Dou you have any example for this statement?

tamz_msc · Oct 2, 2017

hnizdo said:
Dou you have any example for this statement?

See for yourself the SMT yield in these tests:
https://forums.anandtech.com/threads/ryzen-strictly-technical.2500572/#post-38770120
https://forums.anandtech.com/threads/ryzen-strictly-technical.2500572/#post-38770122

epsilon84 · Oct 2, 2017

I think Cinebench MT is a 'best case' scenario for AMD, as in, it shows its SMT implementation in the best light. Look at upcoming reviews, you will see the 8700K trade blows with the 1800X in most multithreaded apps/benchmarks but the 1800X will be well ahead in CB 15 MT.

That being said, it has been shown that AMDs implementation of SMT *is* slightly superior to Intel's HT, not by a huge margin, I think it was a few percent. IIRC averaged out, Intels HT adds ~25% to MT throughput whereas AMDs SMT added ~28%. I don't remember where I saw this though so don't ask me for a source, I just rememeber reading it during the launch of Ryzen.

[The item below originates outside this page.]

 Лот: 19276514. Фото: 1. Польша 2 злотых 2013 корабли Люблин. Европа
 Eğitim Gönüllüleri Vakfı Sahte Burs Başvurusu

So AMD does gain on Intel slightly in heavy MT loads, but its not enough to bring it to performance parity, clock for clock. Otherwise a 1600X will come very close to a 8700/8700K at stock - this is obviously not the case. The 8700K is closer to 1700X/1800X levels of MT performance.

itsmydamnation · Oct 2, 2017

epsilon84 said:
I think Cinebench MT is a 'best case' scenario for AMD, as in, it shows its SMT implementation in the best light. Look at upcoming reviews, you will see the 8700K trade blows with the 1800X in most multithreaded apps/benchmarks but the 1800X will be well ahead in CB 15 MT.

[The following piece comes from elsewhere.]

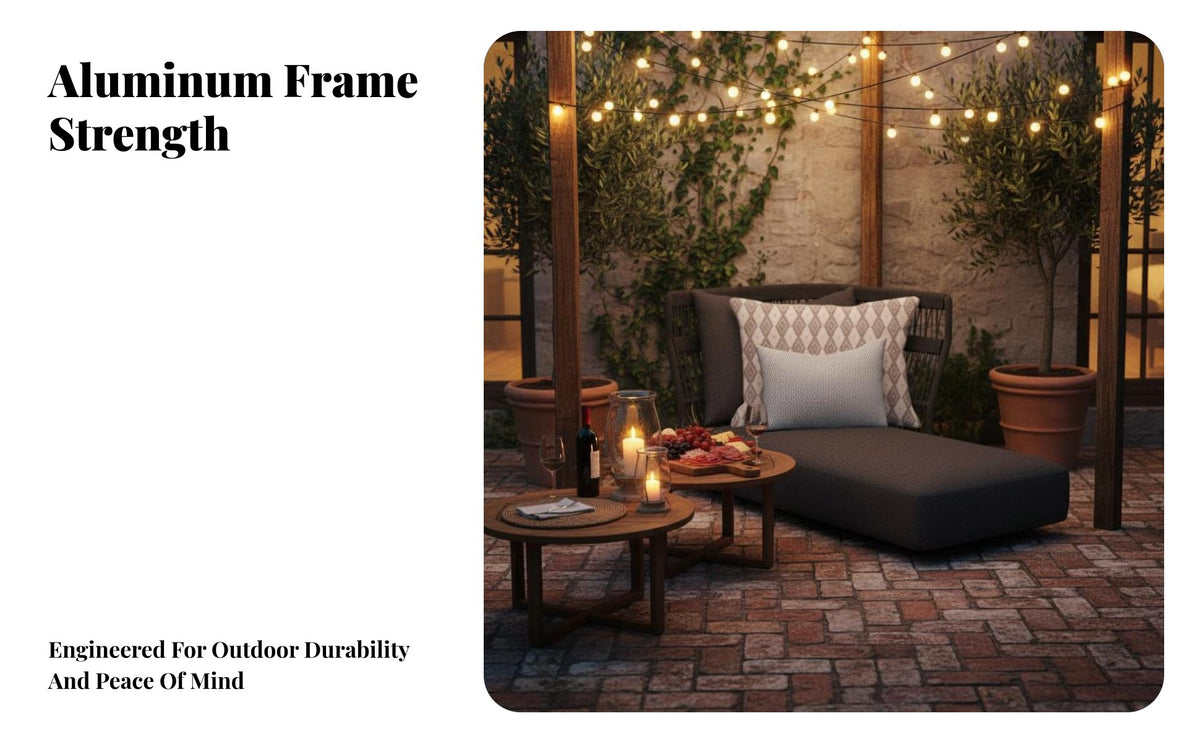 Woven Sofa and Armchair set Vintage & design outdoor seating set water-resistant Outdoor Furnishing for Families, guest accommodation Professionals, Garden, Villa, Backyard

That being said, it has been shown that AMDs implementation of SMT *is* slightly superior to Intel's HT, not by a huge margin, I think it was a few percent. IIRC averaged out, Intels HT adds ~25% to MT throughput whereas AMDs SMT added ~28%. I don't remember where I saw this though so don't ask me for a source, I just rememeber reading it during the launch of Ryzen.

Its mostly down to core execution resources, both have the same amount of load/store ops a cycle, so that more offen then not is the limit. When it isn't the limit, AMD uop throughput but also its much more symmetrical pipelines ( more likely to be able to schedule an instruction quicker) would be the main reasons for the difference.

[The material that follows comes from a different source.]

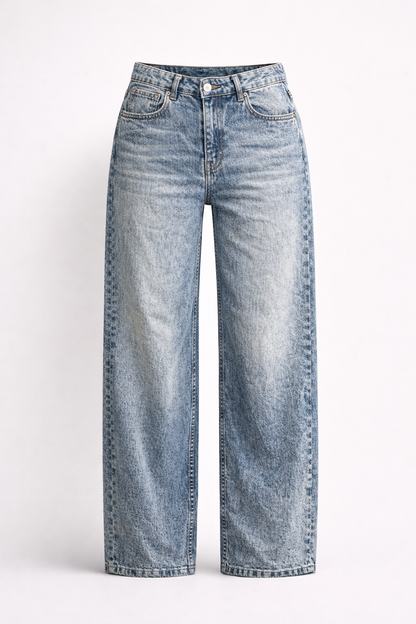 Barrel Regular Waist Jeans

Now if either one of AMD/Intel channel IBM and got to a 4x load/store setup then the SMT dynamic would completely change. But in the world of small dies with on package interconnects smt just an optional thing, it doesn't improve perf/watt ( in many cases you go backwards) but it does help with the benchmark wars.......

Zucker2k · Oct 2, 2017

epsilon84 said:
I think Cinebench MT is a 'best case' scenario for AMD, as in, it shows its SMT implementation in the best light. Look at upcoming reviews, you will see the 8700K trade blows with the 1800X in most multithreaded apps/benchmarks but the 1800X will be well ahead in CB 15 MT.

That being said, it has been shown that AMDs implementation of SMT *is* slightly superior to Intel's HT, not by a huge margin, I think it was a few percent. IIRC averaged out, Intels HT adds ~25% to MT throughput whereas AMDs SMT added ~28%. I don't remember where I saw this though so don't ask me for a source, I just rememeber reading it during the launch of Ryzen.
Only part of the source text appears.